Task directions: For the records below, please print exactly and only the lines from the one with "Intellinet 8-Port Fast" down to the one with "14K Rose Gold + Polish Finish + Titanium", both ends included, omitting the pictures.

Provided entries:

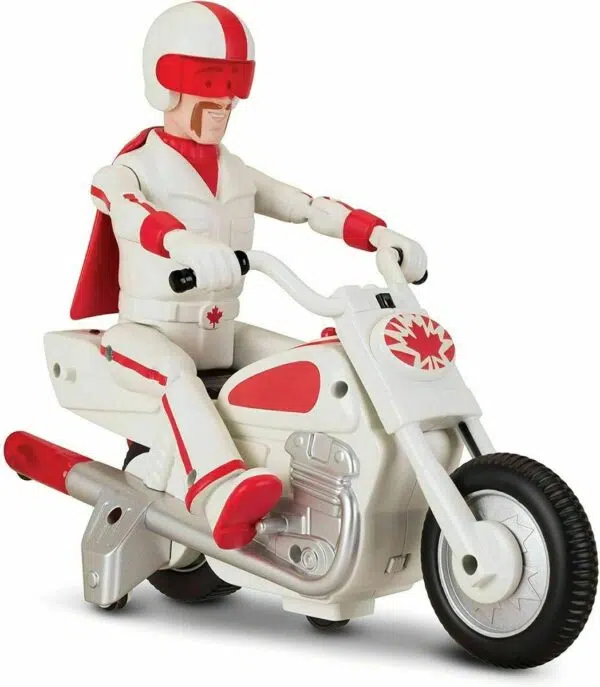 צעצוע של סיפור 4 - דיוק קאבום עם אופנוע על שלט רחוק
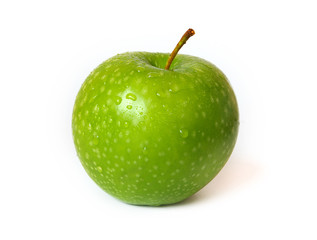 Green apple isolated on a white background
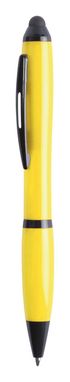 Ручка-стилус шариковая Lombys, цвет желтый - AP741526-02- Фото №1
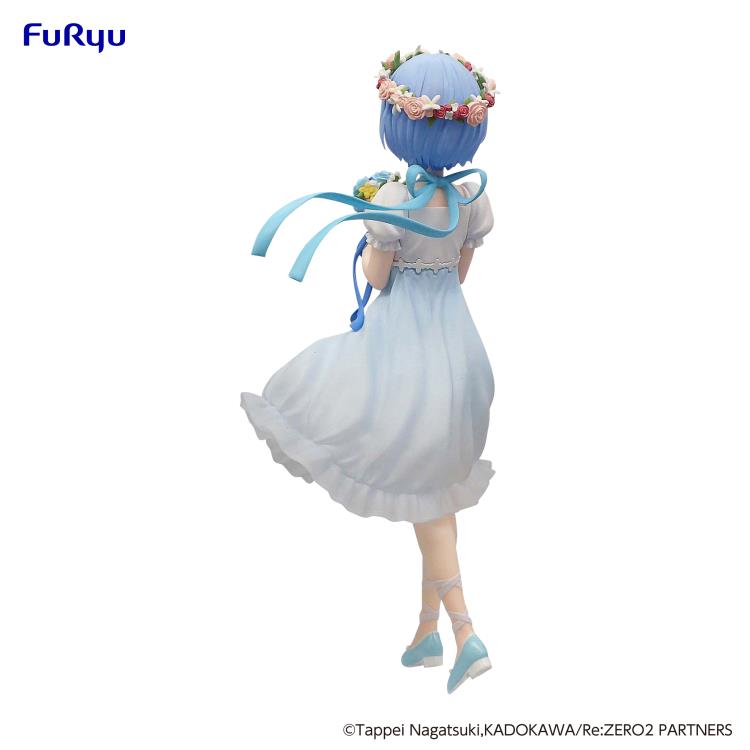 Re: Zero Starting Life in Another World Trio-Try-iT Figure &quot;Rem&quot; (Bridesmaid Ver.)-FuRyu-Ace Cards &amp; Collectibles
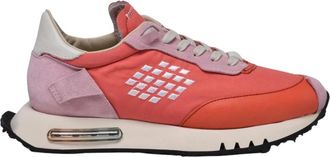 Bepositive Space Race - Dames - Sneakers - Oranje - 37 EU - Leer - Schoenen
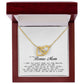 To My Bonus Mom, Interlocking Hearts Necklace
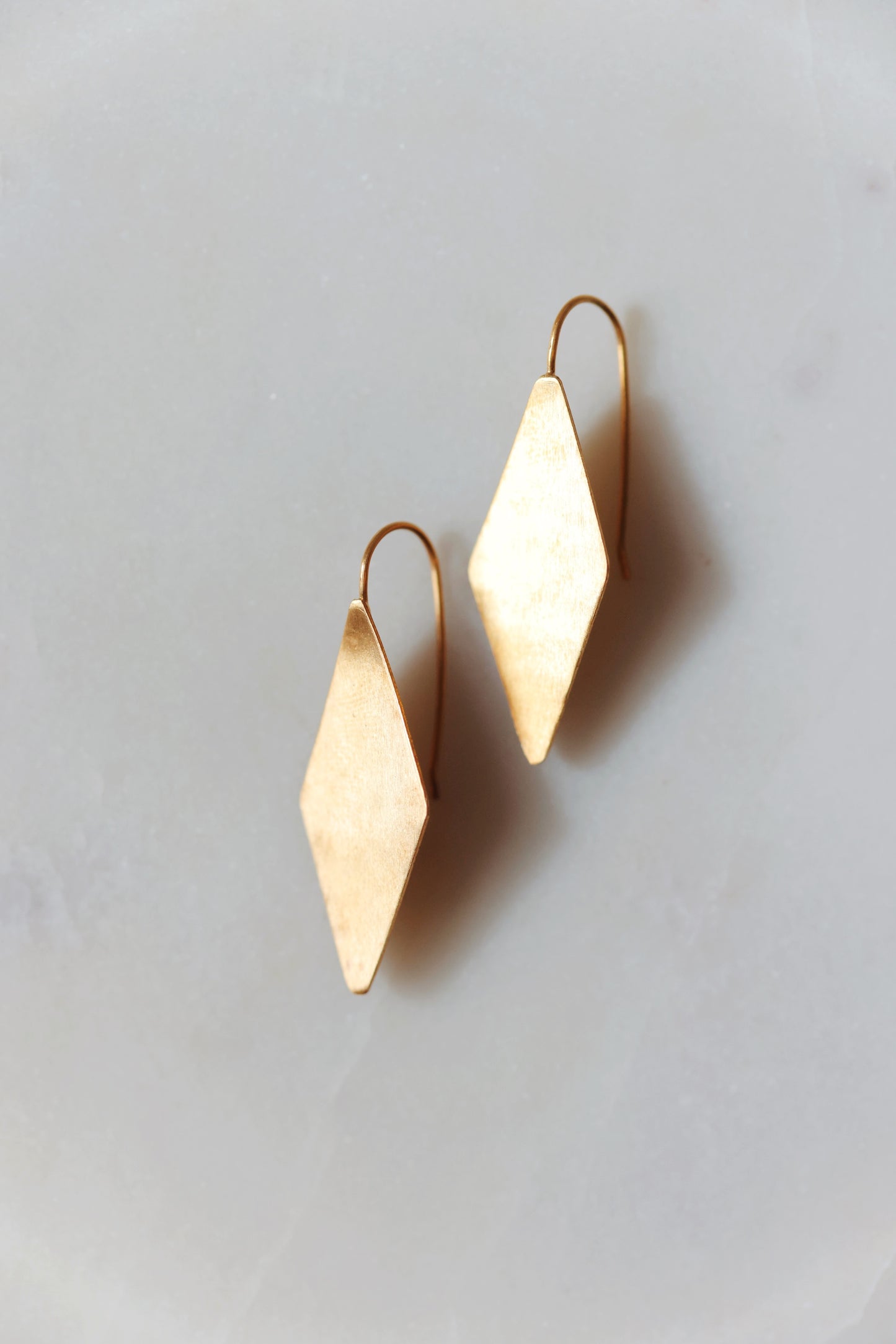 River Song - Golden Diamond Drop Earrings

* * *

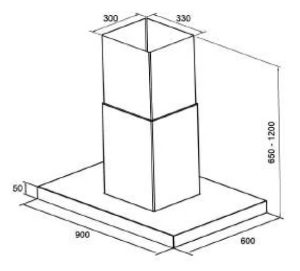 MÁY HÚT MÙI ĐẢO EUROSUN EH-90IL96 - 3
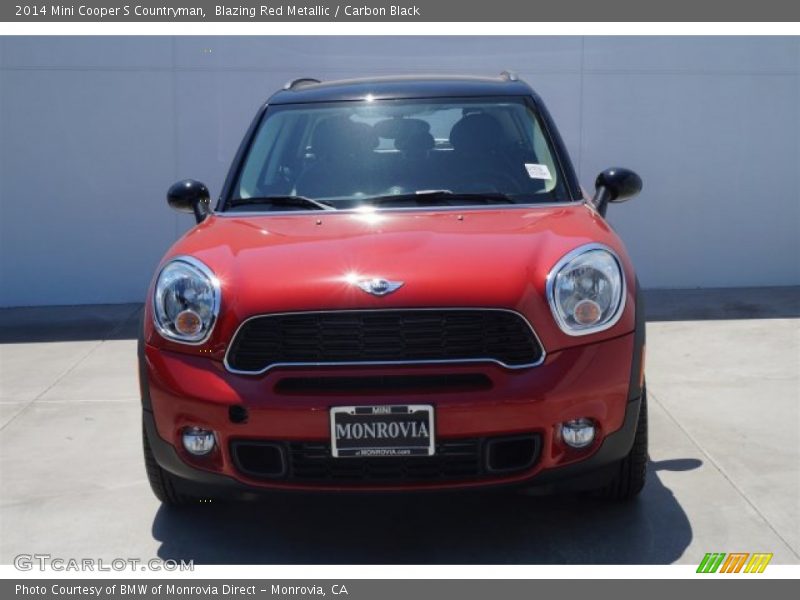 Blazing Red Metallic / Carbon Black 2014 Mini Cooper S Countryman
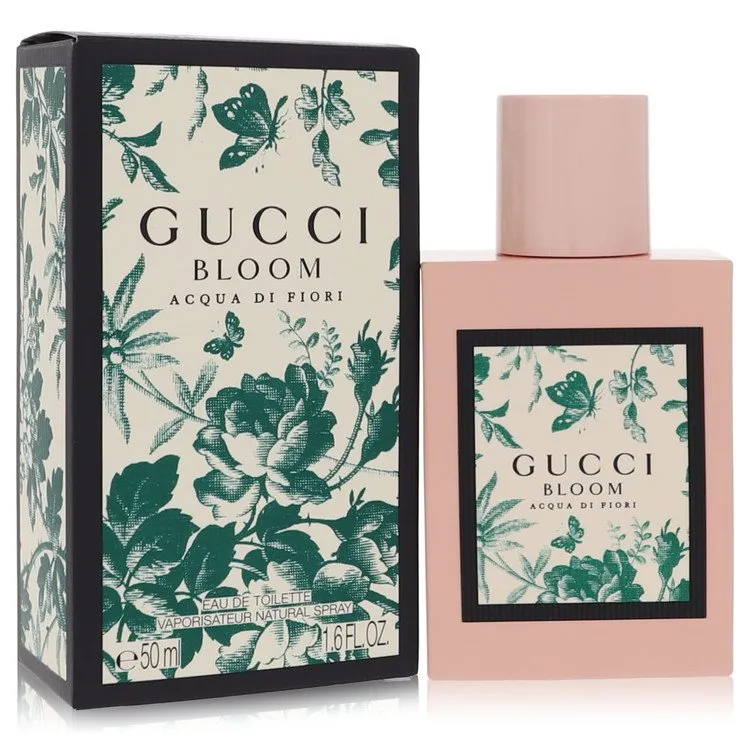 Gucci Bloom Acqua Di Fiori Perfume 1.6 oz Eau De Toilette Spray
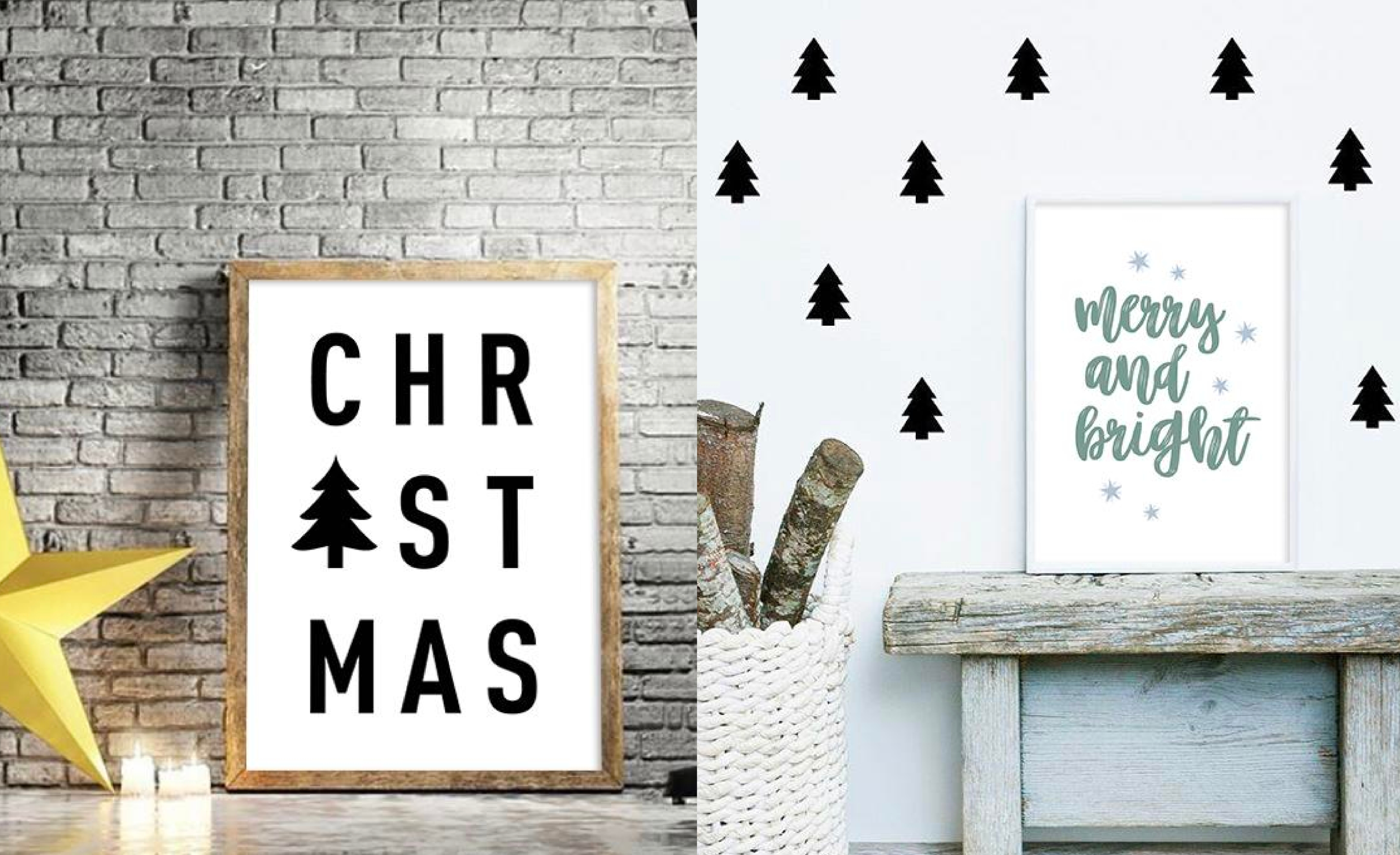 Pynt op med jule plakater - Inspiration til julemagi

* * *

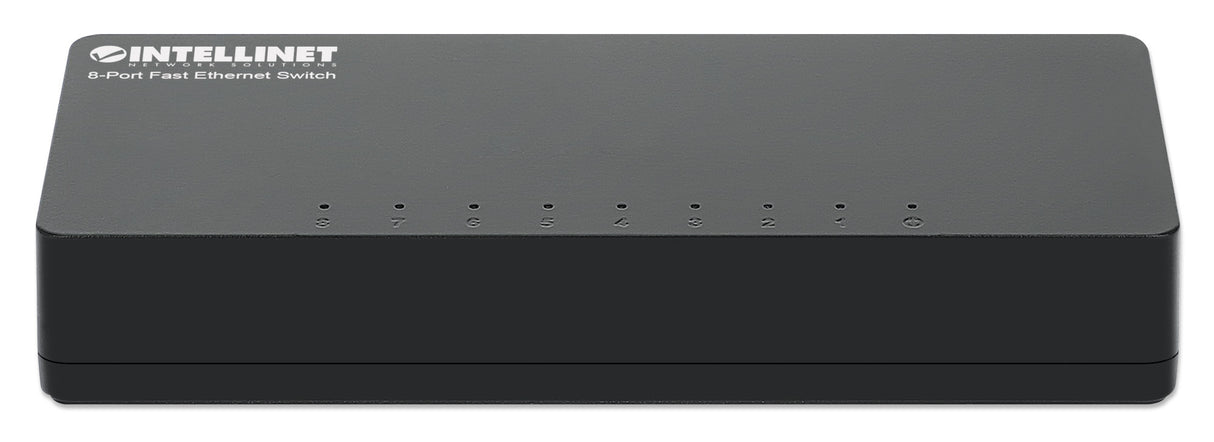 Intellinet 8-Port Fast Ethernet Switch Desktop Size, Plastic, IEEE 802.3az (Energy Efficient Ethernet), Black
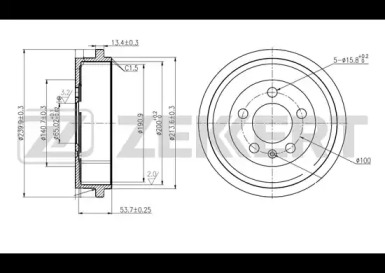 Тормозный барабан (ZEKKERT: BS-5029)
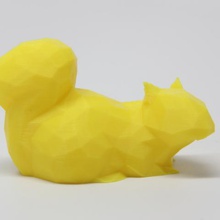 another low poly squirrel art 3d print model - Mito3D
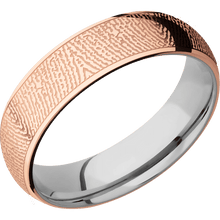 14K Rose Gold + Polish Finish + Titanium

Reply:
 Intellinet 8-Port Fast Ethernet Switch Desktop Size, Plastic, IEEE 802.3az (Energy Efficient Ethernet), Black
 Тормозный барабан (ZEKKERT: BS-5029)
 another low poly squirrel art 3d print model - Mito3D
 14K Rose Gold + Polish Finish + Titanium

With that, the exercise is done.